Jobcenter lassen HartzIV-Empfänger oft allein

von Manfred Rütten

Sonntag, 21.01.2018

Eingang eines Arbeitsamtes
Beitrag anhören

Die Arbeitsagenturen und Jobcenter kümmern sich aktuell um bundesweit rund sechs Millionen Hartz IV-Bezieher.

Wenn man sich als Antragssteller durch sämtliche Hartz IV-Formulare durchgearbeitet hat, kann es sein, dass man am Ende trotzdem nicht das bekommt, was einem zusteht. Denn die Hälfte aller Hartz IV-Bescheide ist fehlerhaft.

Zu den Gründen sagt Christoph Eikenbusch vom Caritasverband für das Erzbistum Paderborn: "Der Antrag ist heute so komplex, das viele damit überfordert sind." Dabei sei der Urgedanke bei der Einführung von Hartz IV genau ein anderer gewesen: Das Verfahren sollte einfacher werden, die "Klienten" sollten Hilfe aus einer Hand bekommen. Im Laufe der Jahre seien dann aber Gesetzeslücken geschlossen worden und neue Leistungen hinzugekommen. Dadurch sei das Verfahren mittlerweile so komplex, "dass selbst erfahrene Sozialarbeiter Schwierigkeiten haben, das auszufüllen", sagt Eikenbusch.

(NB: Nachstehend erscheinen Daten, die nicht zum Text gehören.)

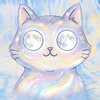 mooncat Logo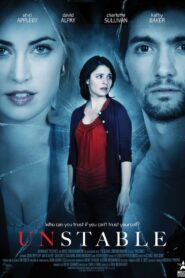 Unstable Online En Netflix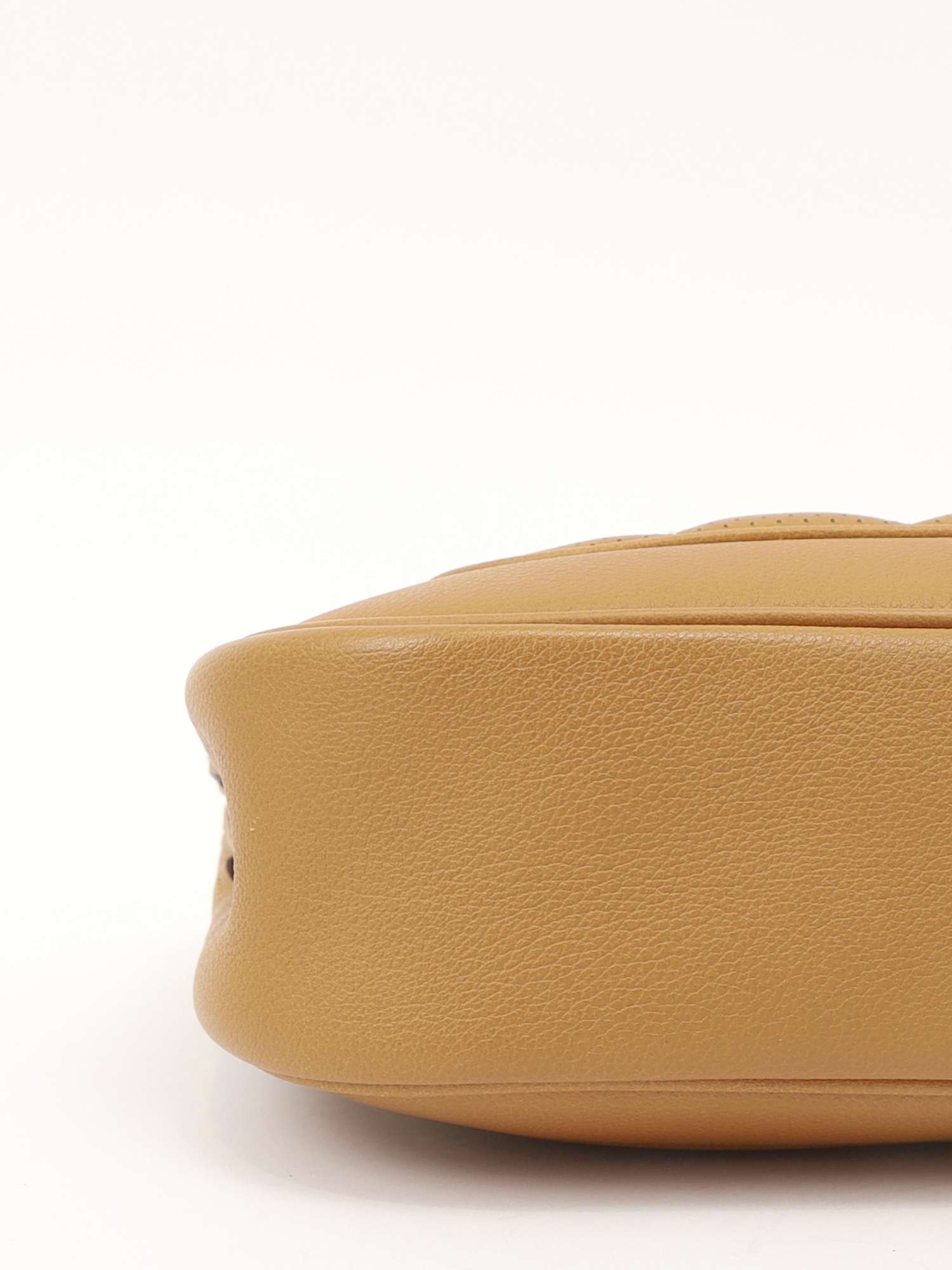 Сумки Hermes Berline  изображение #8
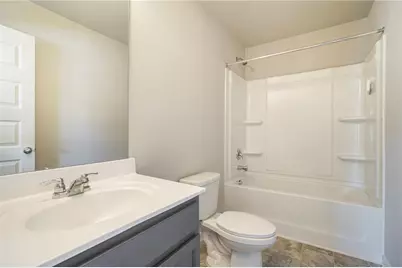 9 Azalea Bloom Drive, Loganville, GA 30052 - Photo 34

Allein der Hauptantrag für Hartz IV hat sechs Seiten. Hinzu kommen noch die Formulare für die Angaben zu den Kindern, zur Wohnung und zum eigenen Einkommen – das sind insgesamt weitere acht Seiten. Genauso umfangreich ist auch eine Anleitung, die beim Ausfüllen des Hauptantrags helfen soll. Doch die ist im Behördendeutsch gehalten und deshalb für viele Antragsteller keine echte Unterstützung.

Die gibt es oft genug auch nicht durch die Mitarbeiter im Jobcenter, sagt Christoph Eikenbusch von der Caritas: "Es gibt einige Bereiche, wo wir mit großer Sorge festgestellt haben, dass Jobcenter nur noch Adressen von Beratungsstellen rausgeben, wo sie also sich überfordert fühlen, selber Beratung anzubieten und das an die Wohlfahrtspflege abgeben." Das aber sei unzulässig und mindere die Leistungsansprüche der Ratsuchenden durch Zeitversäumnisse.

Die komplizierten Formulare und die mangelhafte Beratung durch die Jobcenter führen dazu, dass Anträge unvollständig abgegeben werden oder ungenaue Angaben enthalten. Weil es zwischen den Sachbearbeitern und den Ratsuchenden "kaum noch Kontakte untereinander" gebe, werde "nicht mehr so individuell auf die Lebensverhältnisse der Menschen" eingegangen, so Eikenbusch: "Wenn Dinge unklar sind, gibt´s keine Rückfrage, sondern es erfolgt eine Entscheidung" nach Aktenlage. Und die sei oft genug falsch.

Beratung bräuchten die Antragsteller auch bei der Frage, ob ihnen neben den Hartz IV-Zahlungen noch weitere Leistungen zustehen. Diese müssen oft separat beantragt werden, sagt Christoph Eikenbusch. Erschwerend komme hinzu, dass die Gesetzeslage nicht immer eindeutig sei: "Gerade beim Bildungs- und Teilhabegesetz ist immer die Frage, welche Leistung gehört in den Bereich SGB II - also Hartz 4 - und was gehört zum Bildungs- und Teilhabegesetz. Da haben wir konkrete Beispiele von Eltern, die sagen: »Da blicken wir nicht mehr durch«.

Leidtragende sind hier am Ende diejenigen, für die die Leistungen aus dem Bildungs- und Teilhabegesetz eigentlich gedacht sind. Es soll Kindern aus finanzschwachen Familien u.a. die Teilnahme an Schulausflügen und mehrtägigen Klassenfahrten oder an einem Nachhilfeunterricht ermöglichen. Doch das Personal in den Offenen Ganztagsschulen sei schon rein zeitlich nicht in der Lage, den Eltern bei der Antragsstellung zu helfen, so Eikenbusch. "Und so bleiben dann Anträge liegen, die an und für sich gute Aussichten auf Erfolg hätten."